Dengan menggunakan kereta, kami tidak serta merta sampai ditujuan
sekaligus (pastinya nyambung-nyambung). Pertama kami akan menggunakan kereta
Sukabumi—Bogor, lalu Bogor—Jakarta Kota, lalu Jakarta—Surabaya, terakhir
Surabaya—Banyuwangi. Sampailah di rumah nenek tercinta. Dan memang kamilah
mungkin sebaik-baik perencana, tetapi Allah jualah yang menentukan.
Keberangkatan kami dari stasiun Cisaat tepat setelah sholat Shubuh.
Ummi sudah seperti kepiting, merah mukanya saking bersemangat menyiapkan semua
keperluan kami. Kuakui, aku sama sekali tidak menyiapkan apa-apa, bahkan
packing barang sendiri pun dilakukan oleh Fita. Ummi menyiapkan makanan kami,
minum, obat-obatan, chargeran HP, bahkan hingga kaus kaki—tipikal emak-emak
repot JV.
Tibalah keberangkatan, ummi melepas seperti biasanya, setelah aku meraih
tangannya dan menciumnya ummi akan meraih wajahku mencium kedua belah pipi dan
ubun-ubunku. Kebiasaan yang akan menyeruakkan haru di dada. Aku melambaikan
tangan. Berdadah-dadah.
Kereta pertama pukul 5 pagi, bergerak dengan ayunan seirama. Aku
benar-benar menikmati, kupikir-pikir sudah sekitar 2,5 tahun aku tidak naik
kereta. Dan sekarang kembali menaikinya, kenikmatan yang patut disyukuri bukan
begitu?
Singkat cerita kami sampai di stasiun Jakarta, langsung menuju loket
membeli tiket kereta bangsa proletar, ternyata aku langsung mendapatkan
kejutan: semua tiket kereta bangsa proletar habis. Tidaaakk... aku geleng-geleng
kepala, benarkah demikian? Setelah usut punya usut, tanya sana-sini,
kasak-kusuk, diketahuilah bahwa sekarang pemesanan tiket harus jauh-jauh hari,
apabila tidak jauh-jauh hari maka tiket akan habis. Perapihan administrasi dan
pelayanan PJKA. Lemaslah lutut kami. Batal berangkat? Yaah... mengecewakan.

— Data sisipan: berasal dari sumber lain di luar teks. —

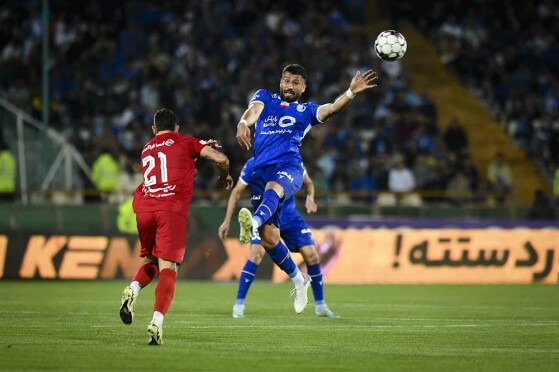 دیدار تیم های استقلال و فولاد خوزستان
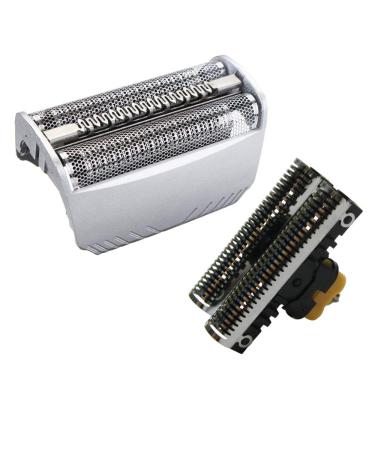 High quality combination pack shear film 30S + blade block for brown 4715 4736 4737 4745 4747 4775 4776 4815 4835 razor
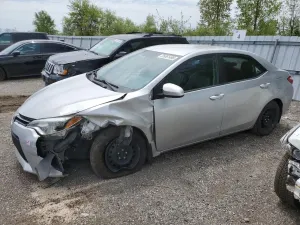 Toyota Corolla 1.8L 4 2014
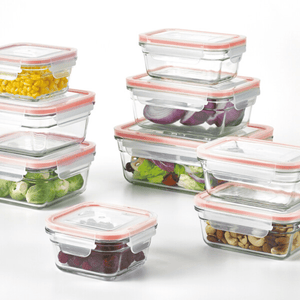 Glasslock Oven Safe Glass Rectangle Container 485ml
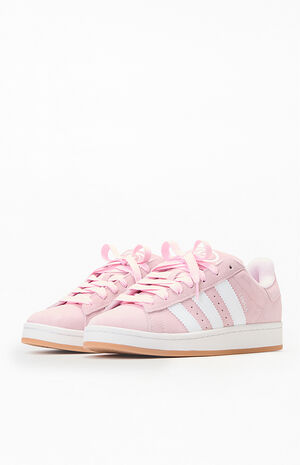 Kids Pink & White Campus 00s Shoes image number 2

Setelah tanya sana-sini, kami dapatkan informasi untuk mengejar tiket
kelas bisnis di stasiun Senen, barangkali masih ada, mungkin bisa dikejar.

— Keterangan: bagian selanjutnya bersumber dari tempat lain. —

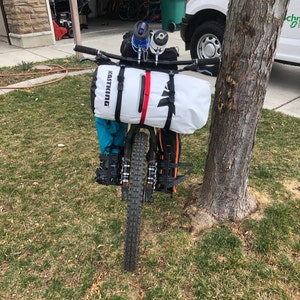 Soporte de abrazadera de horquilla de bicicleta para portabidones 2  agujeros -  España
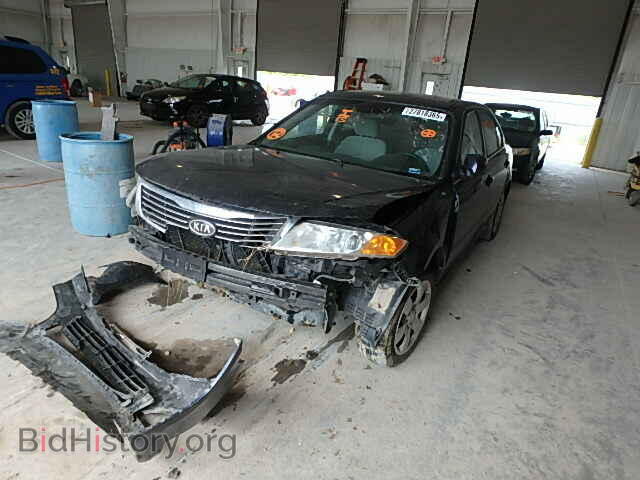2009 KIA OPTIMA - VIN: KNAGE228995338816 - Фото 2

Secercah harapan bagi kami, maka melesatlah kami menuju stasiun Senen. Tapi
mungkin sudah ketentuan Allah aku tidak berangkat, di perjalanan dari stasiun
Jakarta Kota ke stasiun Senen aku menerima beberapa SMS, salah satunya adalah
mengenai kelanjutan akademikku—status heregistrasiku yang belum terbayar
membuat beberapa pihak menyarankan untuk segera mengurus di kampus. Aku lemas,
ini tidak seperti dugaanku.
Akhirnya, dengan patah-patah kujelaskan pada Fita, bahwa esok hari aku
harus balik ke kampus. Fita kala dikabari demikian, dia termangu. Sungguh sedih
apabila hanya jadi berangkat sendiri. Aku membesarkan hatinya, daripada tidak
ada yang berangkat sama sekali, mending salah satu diantaranya berangkat.
Kudorong dia agar mau. Kakakku sebenarnya bukan tipikal penakut, ia pernah
menjelajahi kuningan—surabaya sendiri. Yah, memang mental-mental kami,
anak-anak abi dan ummi memang mental-mental fantasyiru fil ardh. Tapi, tak
dapat disangkal ia agak ragu, liburan kali ini tak akan berjalan mulus apabila
hanya dilalui sendiri tanpa aku, adiknya. “trip alone, o my God...” lirihnya
sampai ke telingaku.
Sesampai di stasiun Senen, kami langsung menuju loket, menanyakan
ketersediaan tiket kereta bisnis Gumarang, dengan hati harap dan cemas.
Ternyata ada... alhamdulillah, syukurku. Kami tanyakan kapan kereta berangkat
dan tiba di Surabaya, ternyata sang kereta baru datang jam 18.00 dan tiba di
stasiun Pasar Turi-Surabaya pukul 06.00. wooow, kulirik jam, kini baru jam 13
lewat sedikit. Aku geleng-geleng kepala, menunggu hampir 5 jam di sini?
Setidaknya aku harus melihat keadaan Fita di kereta itu (meski keretanya oke,
tetep aja musti aku cek). Fita sebenarnya oke saja aku tinggalkan pulang, tapi
aku tidak tega.
Akhirnya cerita indah ini pun terjadi. Menunggu di tepian jalur 1
stasiun Senen. Ada hampir 30 lebih kereta datang dan pergi selama aku di sana.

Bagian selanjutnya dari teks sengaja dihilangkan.